I had a bunch of deer come in last night, 2 bucks and 2 does meandered right under me for about 2 hours, the big boys never showed though, the bucks were running together, they didn't show any rutting activity that I could see. They were moving by 5pm which is pretty early for these deer, I was sort of surprised with the moon phase and all.


----------



## TK33

couple of bucks, several does this morning and tonight. Absolutely no sign of rut.


----------



## bornlucky

out hunting last weekend. Not much sign of deer activity. Saw a few does, one fresh antler rub near a juncture of two trails, and saw a fresh scrape under a bush on the edge of a crp field. I hunted the spot at the fresh scrape and had a big dry doe come in. No buck though. Wish I had a camera to put up at the scrape to see who is there.


----------



## barebackjack

All hell is gonna break loose boys after this weather breaks!

Gonna be a good weekend!


----------



## HUNTNFISHND

barebackjack said:


> All hell is gonna break loose boys after this weather breaks!
> 
> Gonna be a good weekend!


Yep, if I could I'd be hunting a scrape line as soon as the rain/snow stops!
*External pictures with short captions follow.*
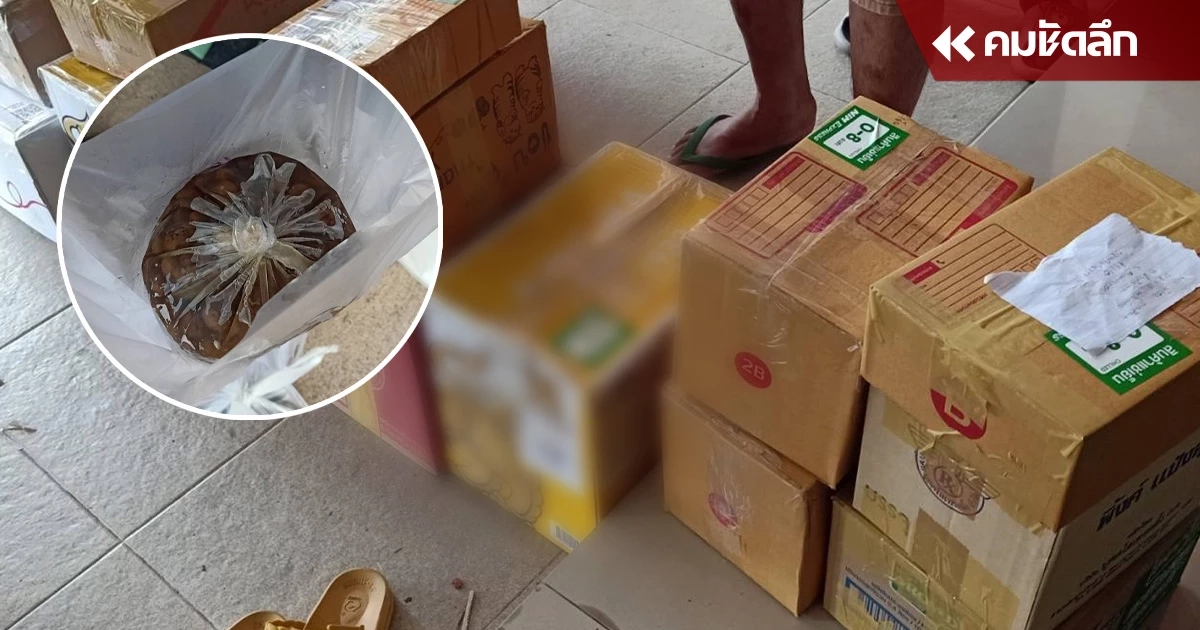 ขนส่งแตก ชาวบ้านแห่ส่ง เห็ดเผาะ – แมงมัน อาหารยอดฮิตให้ลูกหลานต่างจังหวัด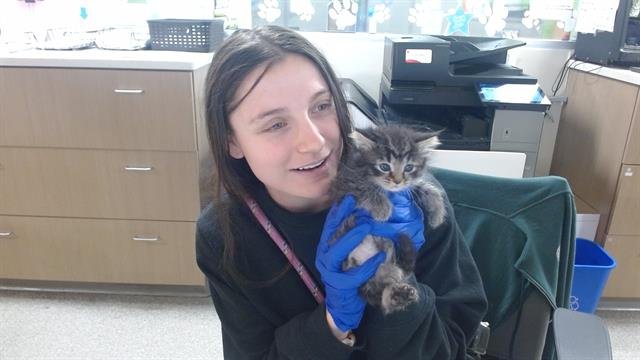 THOMAS - Domestic Short Hair available for adoption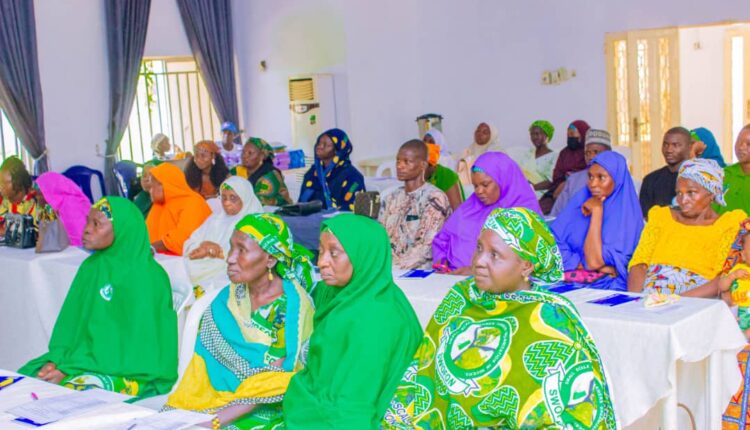Gombe stakeholders laud women farmers’ contributions to food security
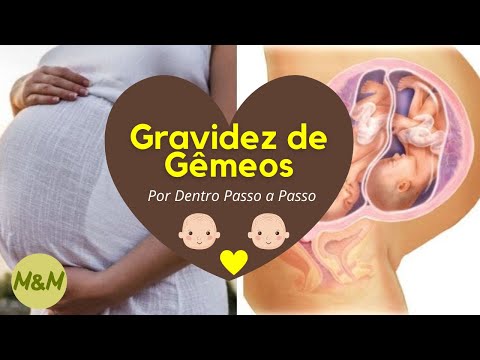 Vídeo: Como os gêmeos crescem no útero?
I'm hunting all next week, can't wait! Is it Friday yet? :beer:


----------



## ImpalaSSpeed96

Young bucks are ready. Had a 100 incher come right in to the grunt call last week in Ohio. Completely turned and came in on a string. The big boys know whats up though. Don't expect to see them chasing on their feet until real love is in the air....


----------



## bigbrad123

Sounds like things are starting to pick up. Went out yesterday to check on my blind and how it held up in the wind. Unfortunately it blew over, but no major damage other than a couple small holes in the roof and lost tent stakes, so i decided to move it to a different spot. Walked around a bit prior to doing so and found 2 nice, fresh scrapes. Moved the blind closer to them and hung up a scrape dripper (never used one before and figured I'd give it a try). Pulled the disk on my camera and had no pics during the storm and had a nice buck on there on Wednesday night during legal shooting hours after the storm. Not sure when I will get out next and may give it a few days for the deer to get used to my new blind spot. Wishin I had a nice tree to hang a stand in this area, but I don't. Hoping by this weekend, I can get out there and actually hunt as I am on pins and needles wanting to get out there!


----------



## maple lake duck slayer

Went duck hunting on the same land I bow hunt on this morning...LOTS of deer sign since the storm.


----------



## AdamFisk

I was pretty damn surprised to see this, but I watched a 125ish buck chasing a doe for about 10 minutes tonight. Needless to say, I got a little excited as well. 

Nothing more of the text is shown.